What does not appear in most English translations of this story is that there is a subtle and meaningful change in the words that Jesus uses, and this could well be what caused Peter to become so upset.
What is translated into ‘Love’ in English can be one of four different words in the original Greek. Almost always, when Divine and Christian love is referred to, the word used is ‘agape’, which is most closely rendered as ‘caring’, involving not simply a feeling, but rather a behaviour. That is the word with which Jesus addresses Peter. Peter, however, replies using the word ‘philia’, which could be rendered ‘You are my friend’. So when Jesus, the third time, instead of ‘Do you care?’ asks ‘Are you my friend?’ we can understand why Peter gets upset!
God’s love, Divine love, is Covenant love. It is caring that will continue regardless of whether we respond to it or not, even though in the latter case, the caring may involve the same type of discipline that a caring father gives to a disobedient child. Human love is at a lower level. Contract love (philia) is for our advantage as much as that of another—“You be nice to me, and I will be nice to you, but if you will not, then our relationship is at an end”, or as a lawyer would define it, “Termination of Contract by Breach.” How many marriages in our modern world are failing, because what should have been a Covenant has been treated as a Contract!
In St.

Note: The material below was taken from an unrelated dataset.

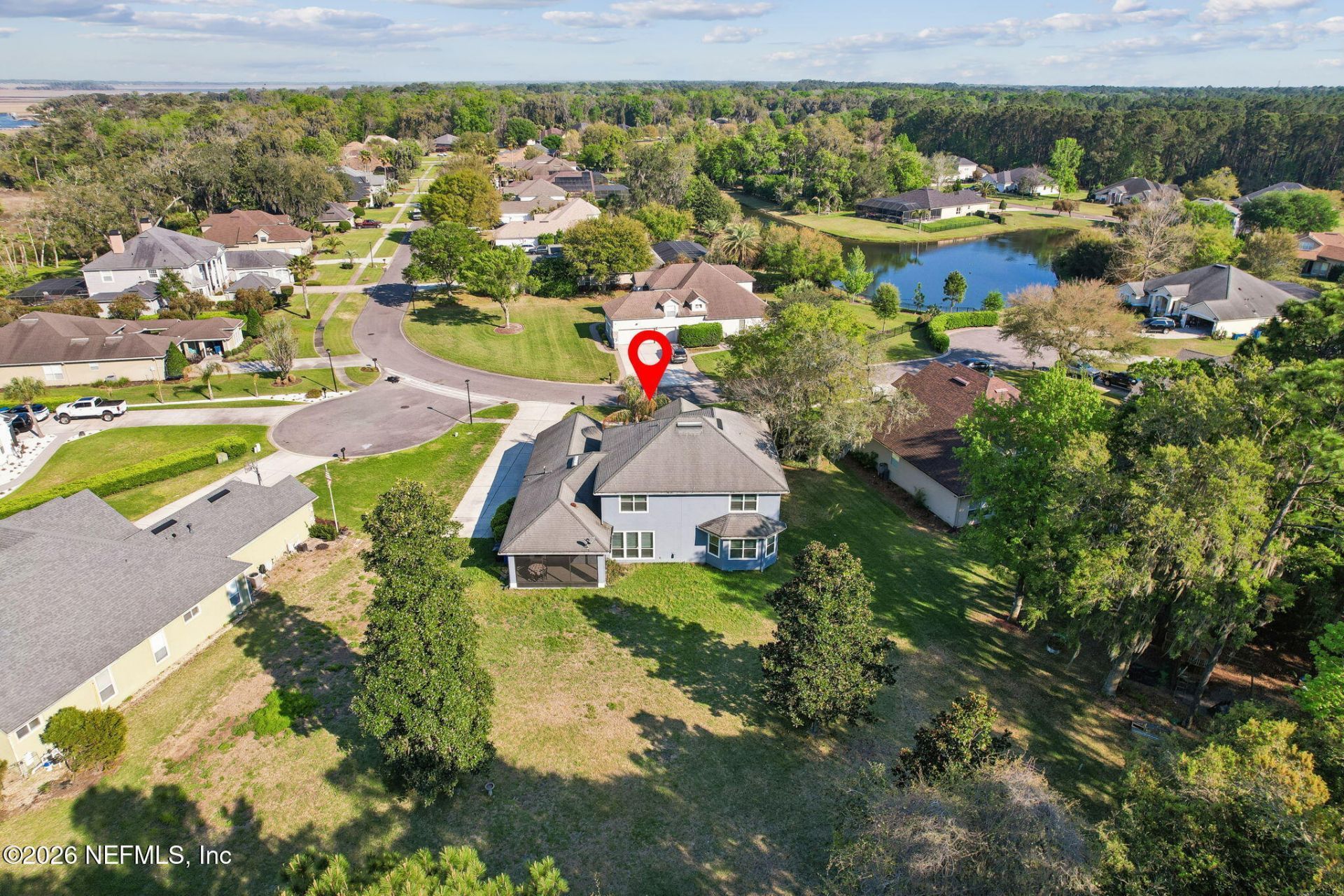 2753 Egret Walk Terrace N, Jacksonville, FL 32226 Photo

Luke’s Gospel (6:32-35), Jesus is perfectly clear: “If you love only the people who love you, why should you receive a blessing? Even sinners love those who love them! … No! Love your enemies and do good to them; lend and expect nothing back. You will then have a great reward, and be sons of the Most High God…”
On the human level, that is a very tall order, and all of us likely fall short at times. But that is precisely what this season of Pentecost is all about. God’s gift of the Holy Spirit, “to those who ask him” (Luke 11:13) is the key by which we are empowered to follow this higher and harder way, the door to the Kingdom of Heaven is opened for us, our life with God and our life with our neighbours moves from Contract to Covenant, and the Kingdom of Heaven, as a result of God’s faithfulness, becomes His precious gift to us.